== Given records
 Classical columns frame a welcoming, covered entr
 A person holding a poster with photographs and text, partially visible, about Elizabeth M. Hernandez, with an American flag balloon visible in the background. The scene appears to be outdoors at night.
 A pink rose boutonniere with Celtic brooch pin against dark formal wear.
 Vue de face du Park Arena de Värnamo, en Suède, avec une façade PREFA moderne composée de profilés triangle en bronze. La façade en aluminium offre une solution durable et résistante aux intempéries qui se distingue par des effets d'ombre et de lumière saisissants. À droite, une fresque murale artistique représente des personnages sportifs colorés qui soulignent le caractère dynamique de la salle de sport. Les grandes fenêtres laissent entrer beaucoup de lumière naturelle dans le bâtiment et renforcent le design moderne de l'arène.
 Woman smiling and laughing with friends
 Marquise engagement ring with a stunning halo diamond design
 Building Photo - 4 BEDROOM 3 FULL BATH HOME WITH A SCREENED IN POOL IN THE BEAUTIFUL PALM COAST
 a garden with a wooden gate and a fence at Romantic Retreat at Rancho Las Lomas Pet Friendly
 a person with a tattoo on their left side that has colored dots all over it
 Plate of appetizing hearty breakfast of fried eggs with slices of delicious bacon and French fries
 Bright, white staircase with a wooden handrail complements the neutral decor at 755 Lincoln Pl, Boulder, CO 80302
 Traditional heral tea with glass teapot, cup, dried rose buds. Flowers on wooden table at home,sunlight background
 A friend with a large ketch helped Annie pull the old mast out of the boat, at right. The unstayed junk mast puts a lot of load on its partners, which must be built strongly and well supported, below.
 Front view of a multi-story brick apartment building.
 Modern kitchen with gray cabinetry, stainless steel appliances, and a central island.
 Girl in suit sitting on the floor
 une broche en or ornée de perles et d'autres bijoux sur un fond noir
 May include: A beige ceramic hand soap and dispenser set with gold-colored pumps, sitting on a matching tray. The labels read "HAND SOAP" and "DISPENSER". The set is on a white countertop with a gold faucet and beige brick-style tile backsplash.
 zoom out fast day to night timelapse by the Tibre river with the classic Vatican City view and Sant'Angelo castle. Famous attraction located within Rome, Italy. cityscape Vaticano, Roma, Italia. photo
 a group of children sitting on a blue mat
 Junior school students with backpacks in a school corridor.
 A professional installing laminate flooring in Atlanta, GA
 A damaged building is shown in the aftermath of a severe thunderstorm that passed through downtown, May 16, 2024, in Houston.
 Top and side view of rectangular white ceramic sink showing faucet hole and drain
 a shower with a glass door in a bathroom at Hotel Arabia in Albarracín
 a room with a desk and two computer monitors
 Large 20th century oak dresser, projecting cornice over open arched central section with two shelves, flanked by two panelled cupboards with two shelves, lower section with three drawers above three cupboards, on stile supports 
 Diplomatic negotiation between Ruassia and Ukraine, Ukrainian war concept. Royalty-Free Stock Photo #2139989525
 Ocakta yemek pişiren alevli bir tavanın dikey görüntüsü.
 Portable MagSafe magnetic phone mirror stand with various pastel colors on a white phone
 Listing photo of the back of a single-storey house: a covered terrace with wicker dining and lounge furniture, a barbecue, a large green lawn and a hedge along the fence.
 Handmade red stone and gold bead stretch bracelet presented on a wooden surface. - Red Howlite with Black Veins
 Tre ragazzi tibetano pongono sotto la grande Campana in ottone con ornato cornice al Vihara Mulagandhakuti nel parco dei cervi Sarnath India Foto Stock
====
> [Task statement] Beginning with the line that contains "a group of children sitting on a blue mat", output each line of the listing above through the last one, exactly and with nothing added.

> [Result of the task]
 a group of children sitting on a blue mat
 Junior school students with backpacks in a school corridor.
 A professional installing laminate flooring in Atlanta, GA
 A damaged building is shown in the aftermath of a severe thunderstorm that passed through downtown, May 16, 2024, in Houston.
 Top and side view of rectangular white ceramic sink showing faucet hole and drain
 a shower with a glass door in a bathroom at Hotel Arabia in Albarracín
 a room with a desk and two computer monitors
 Large 20th century oak dresser, projecting cornice over open arched central section with two shelves, flanked by two panelled cupboards with two shelves, lower section with three drawers above three cupboards, on stile supports 
 Diplomatic negotiation between Ruassia and Ukraine, Ukrainian war concept. Royalty-Free Stock Photo #2139989525
 Ocakta yemek pişiren alevli bir tavanın dikey görüntüsü.
 Portable MagSafe magnetic phone mirror stand with various pastel colors on a white phone
 Listing photo of the back of a single-storey house: a covered terrace with wicker dining and lounge furniture, a barbecue, a large green lawn and a hedge along the fence.
 Handmade red stone and gold bead stretch bracelet presented on a wooden surface. - Red Howlite with Black Veins
 Tre ragazzi tibetano pongono sotto la grande Campana in ottone con ornato cornice al Vihara Mulagandhakuti nel parco dei cervi Sarnath India Foto Stock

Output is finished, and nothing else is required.